Nebula crouched down, pulled up a wilted pansy, and chucked it at Venus's face. Venus squeaked and threw bits of wood at her. The night had gone to a bad start, and Cecil looked at Nebula with these sad, haunted eyes. It broke her, the way he looked at her through that mask. They still hadn't found Jupiter, and who knew what the villains were doing with him. Her gut clenched, her fists pressing bruises on her hip. Her body thrummed with energy, something like resolve, pure and cold. Jupiter was her friend, and one of her own. The villains wouldn't win this round.

"Hey, Venus. I miss Jupiter too. Fallout and Cleo and Owl are all terrible and they have our friend, but we're not letting them get away." She drew up her breath. Puffed out her chest. "Luna has volunteered to help us, here. Right, Lunes?"

Luna tucked a strand of white hair behind her ear and glared up at the stars. Her eyes shone with such rage Nebula thought she'd try to punch the moon out of the sky. With a shuddering sigh, her hands stiff at her sides as she shuffled toward the edge of the roof. "I'm only doing this because I have to. None of you have the right blood." She spat a glob over the side. She held up a Quatro blade, held up her arm. Nebula looked away and Cecil starred in a sort of horror that was unusual for him. But then again, everything he did seemed unusual for him, now that Jupiter was gone.
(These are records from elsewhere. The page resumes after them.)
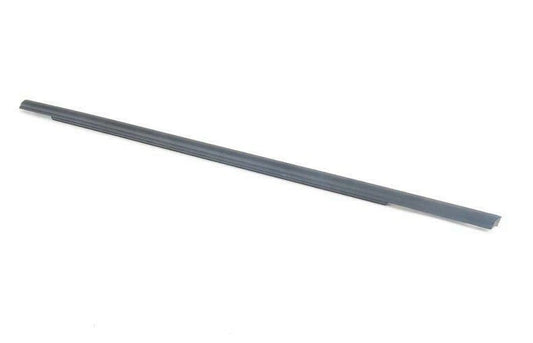 NEW AUDI A4 B8 FRONT RIGHT OUTER WINDOW APERTURE SEAL 8K0837478F ORIGINAL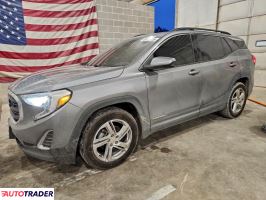 GMC Terrain - zobacz ofertę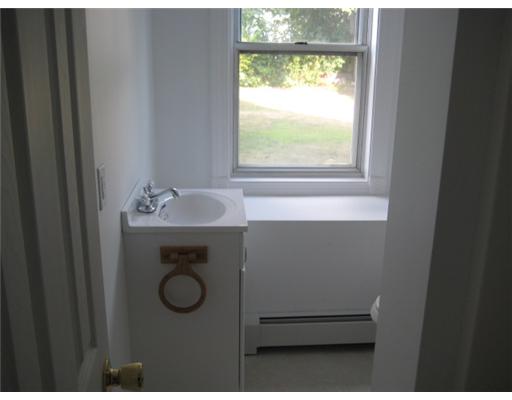 650 Grove Street Woonsocket, RI 02895 - Photo 5 of 7 Other. Completely renovated lower level bath.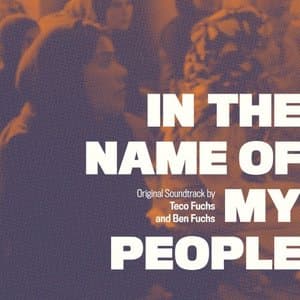 In The Name Of My People (Original Soundtrack)
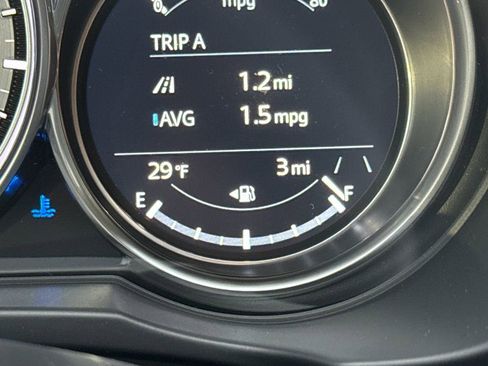 New 2025 MAZDA CX-5 AWD 2.5 S w/ Preferred Package image 10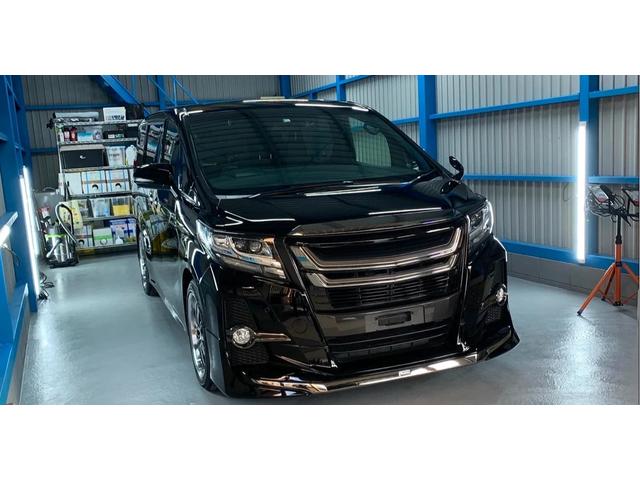 Ｂｉｇ　Ｗｏｒｌｄ　Ｄｏｏｒ　カーコーティング　光触媒コーティング専門店18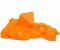 AFF Magický tekutý piesok 1 kg, oranžová
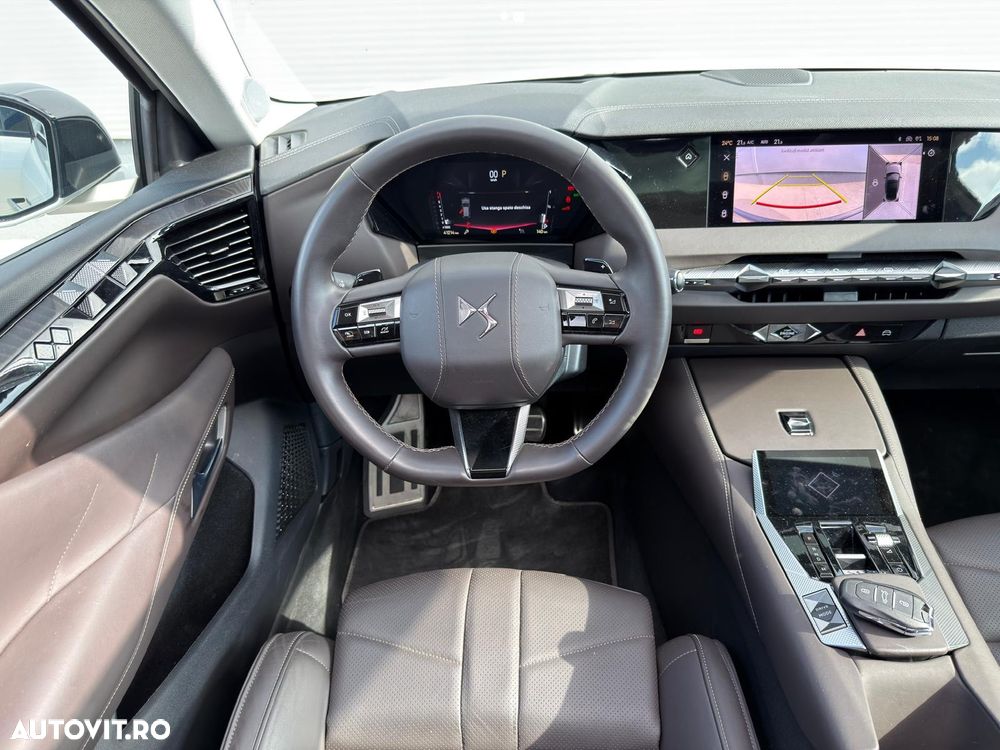 DS Automobiles DS 4 - 14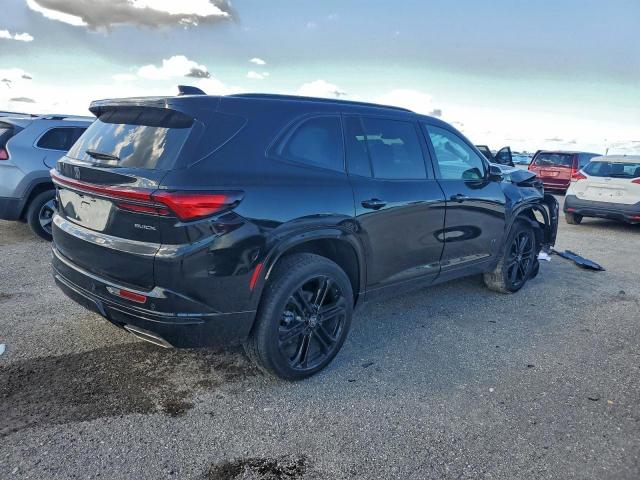 Buick Enclave Sp Sport Touring Image 9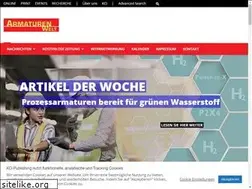 Sites similar to armaturen-welt.de
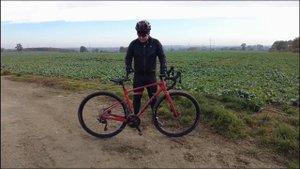GIANT REVOLT 1 -najnowszy Gravel od Gianta-PREMIERA
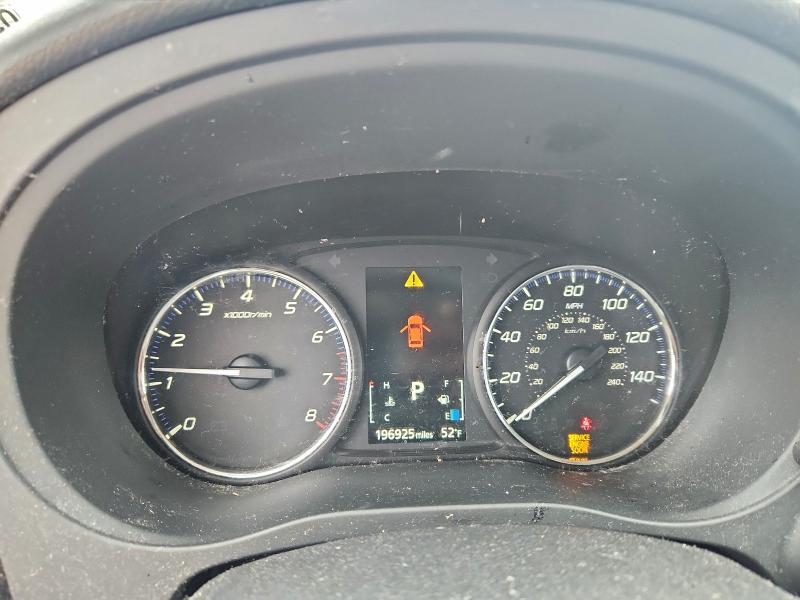 صورة رقم 9 من المزاد - 2015 MITSUBISHI OUTLANDER مع VIN JA4AD3A35FZ006930
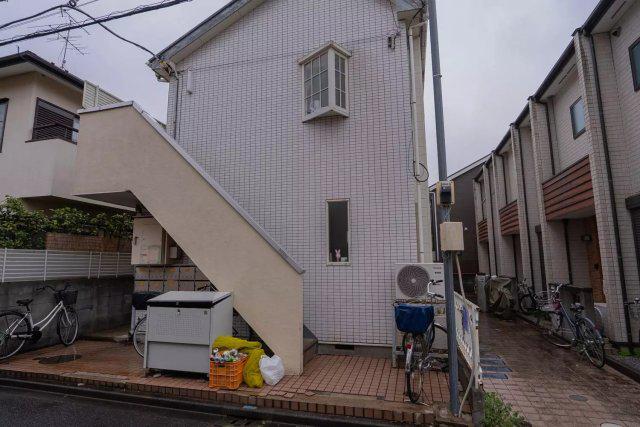 ウエストハイム国領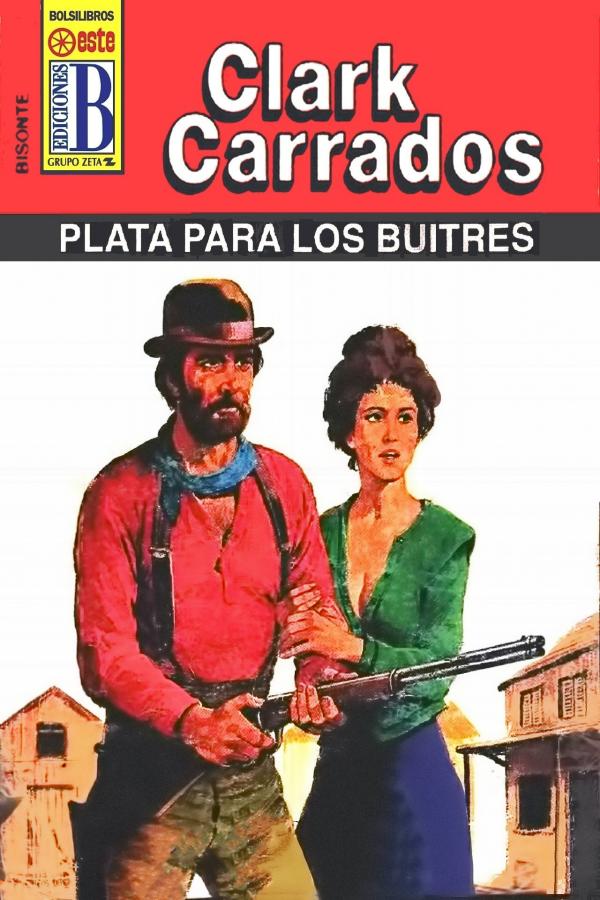 Plata para los buitres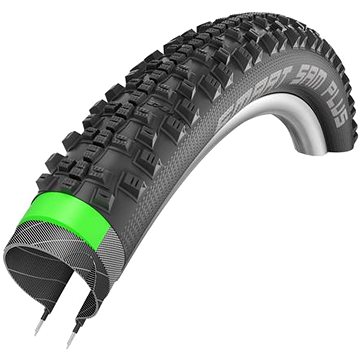 Schwalbe Smart Sam Plus 26x2.1 Addix GreenGuard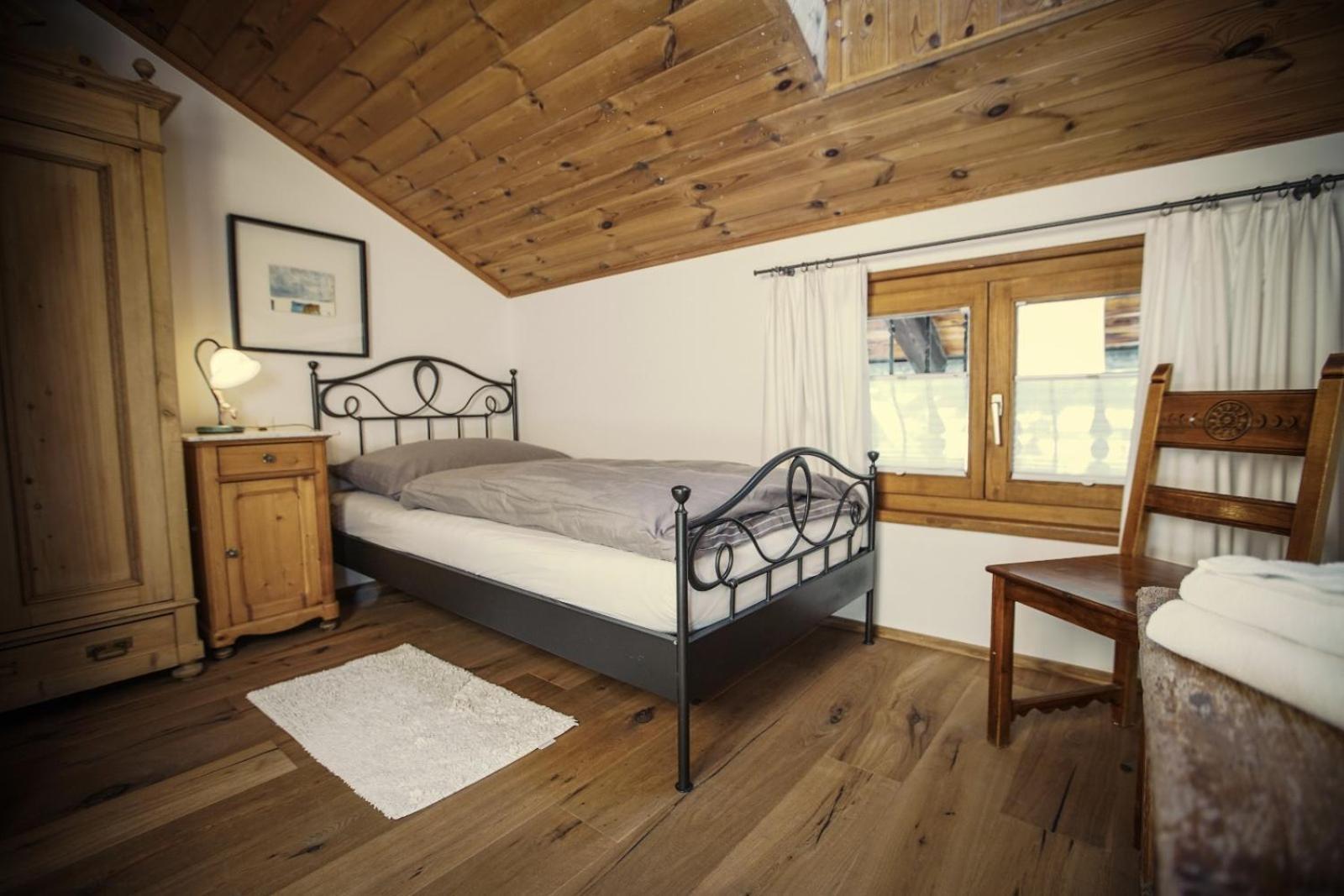 Apartment Taugwalder I Matterhorn *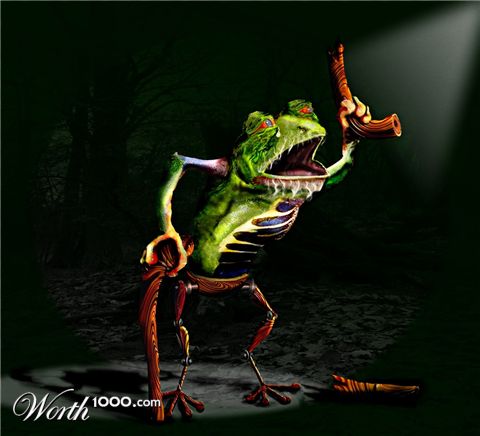 Photoshop Design by studioG2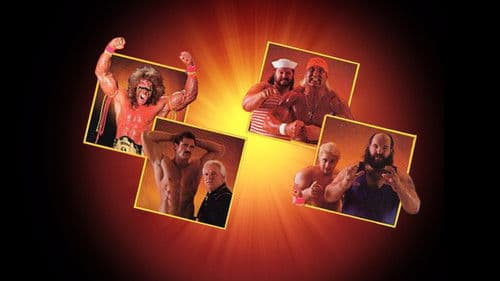 WWE SummerSlam 1990 Bild 1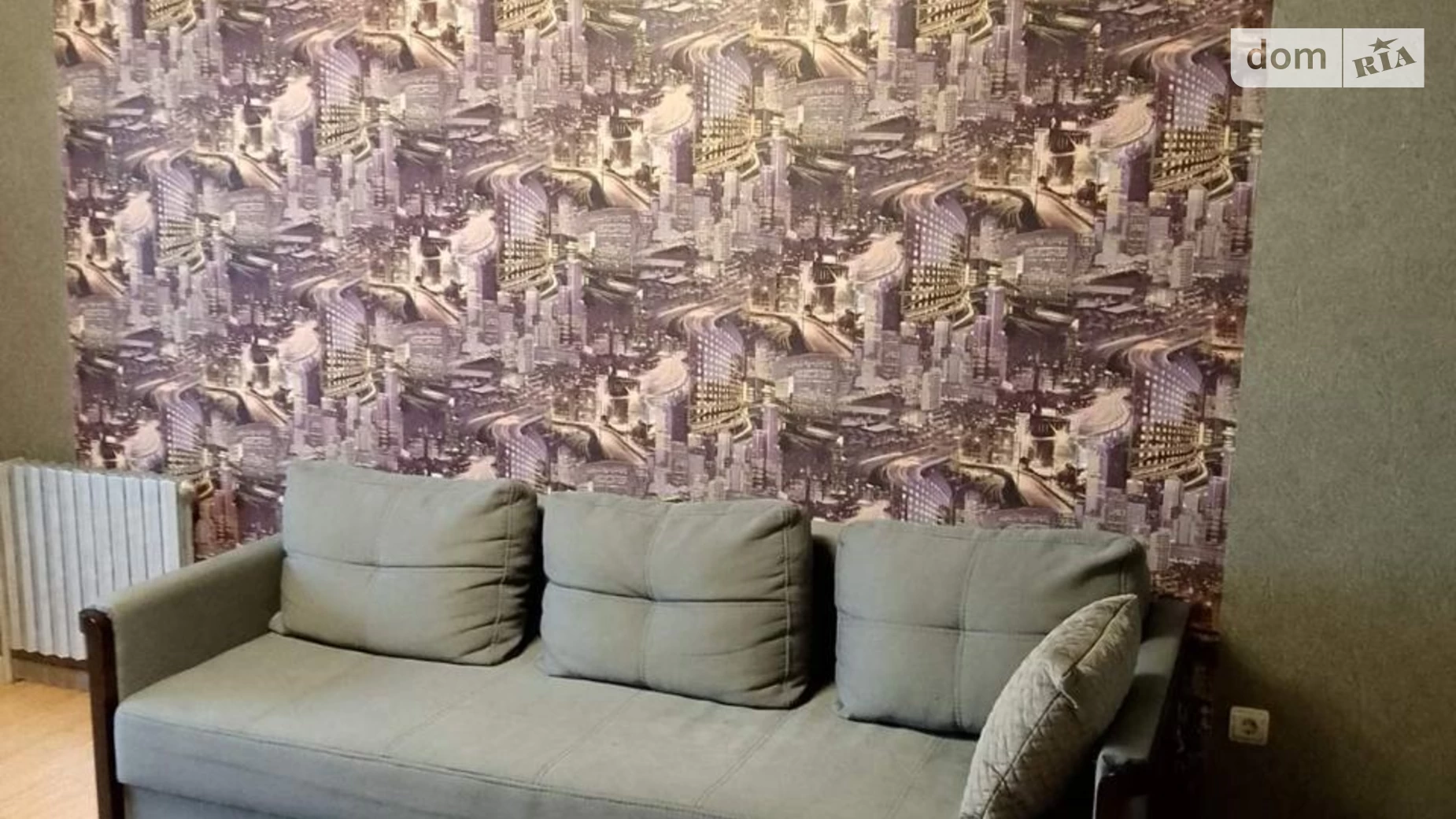 Продается 1-комнатная квартира 47 кв. м в Днепре, цена: 42000 $ - фото 2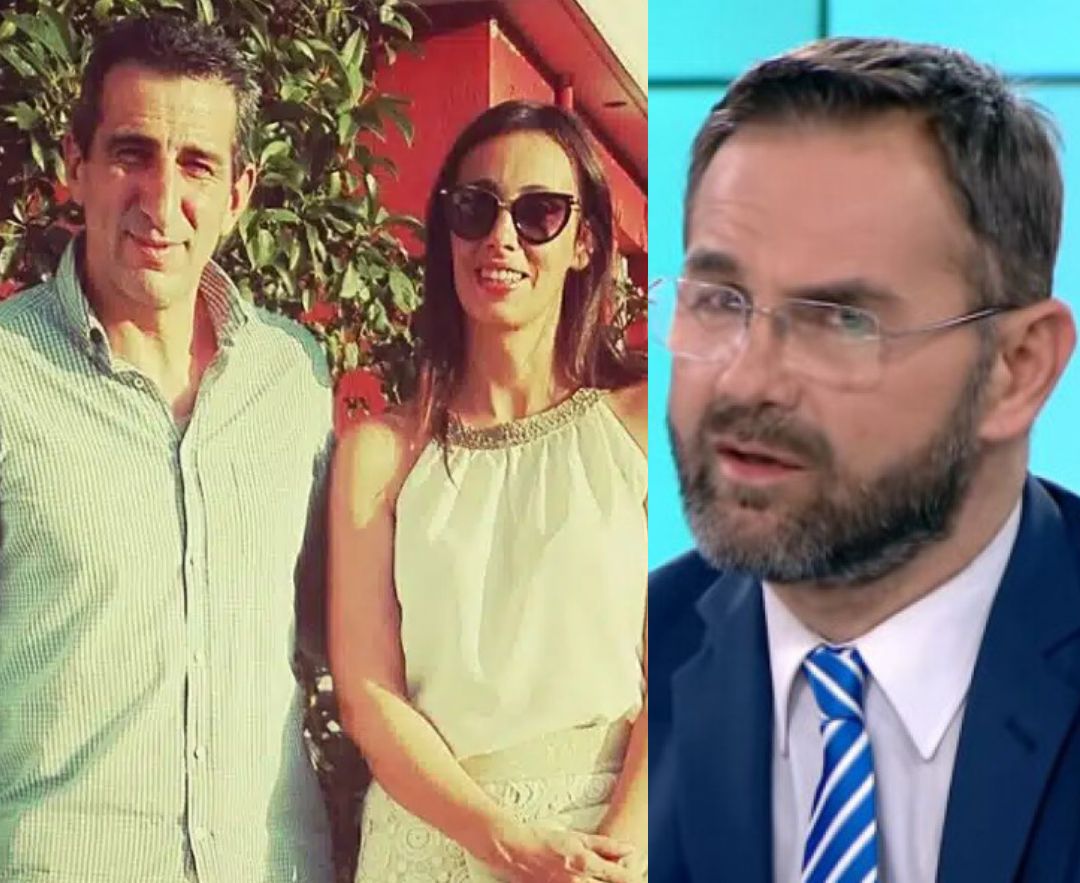 Σoκ με την αποκάλυψη Μπαλάσκα για Δράμα: «Ο αστυνομικός είχε π...»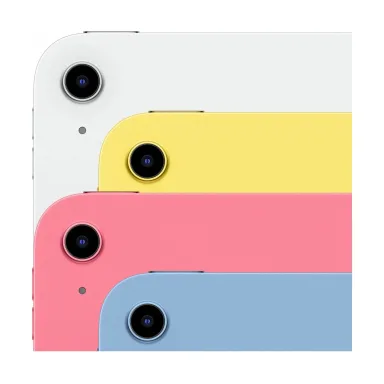 iPad 11 (2025) Wi-Fi 512Gb Pink — фото 9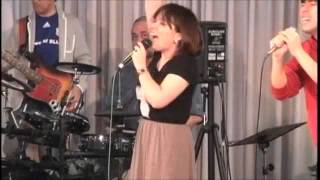 ICF Worship 2014.06.15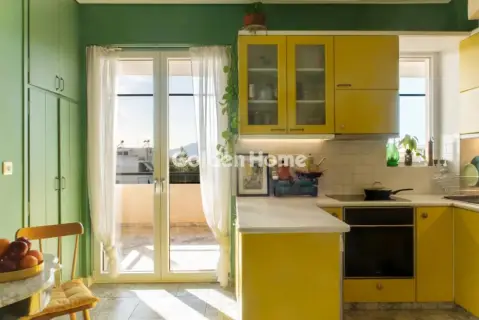 Ρετιρέ 133τ.μ. προς ενοικίαση φωτογραφία 1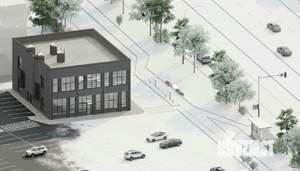 3-к квартира, вторичка, 76м2, 3/17 этаж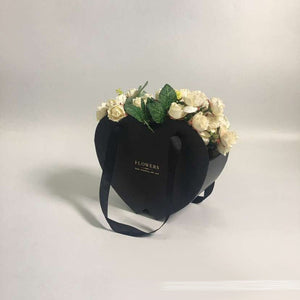 New Flower Gift Box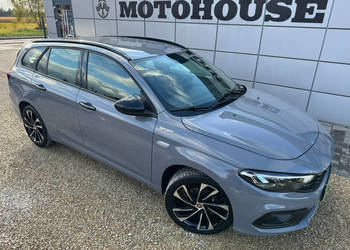 Fiat Tipo II (2016-)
It made Nebula's heart sad. And suspicious. 

She hated her suspicion, hated that she couldn't trust her own husband. But she was scared for him, and with the villains prowling around, there were few she could trust. Her head throbbed. Her chest ached. She risked a glance back at Luna, swallowing back her revulsion. Some primitive part of her wanted to scream "stop!" and run over to her bleeding friend with iodine and a bandage bundle. The super's blood glowed purple against the black of Fallout's residue. Luna closed her eyes, focused hard. Her face went blank and impassive, like the moon she was named after. She held her fingers against her bleeding pulse. Purple flames curled into the sky, forming a net over the city. Lines, making little squares as far as Nebula could see. Her chest heaved. The violet grid sparkled against the stars, like silk threads. It was beautiful, and it made Nebula sad.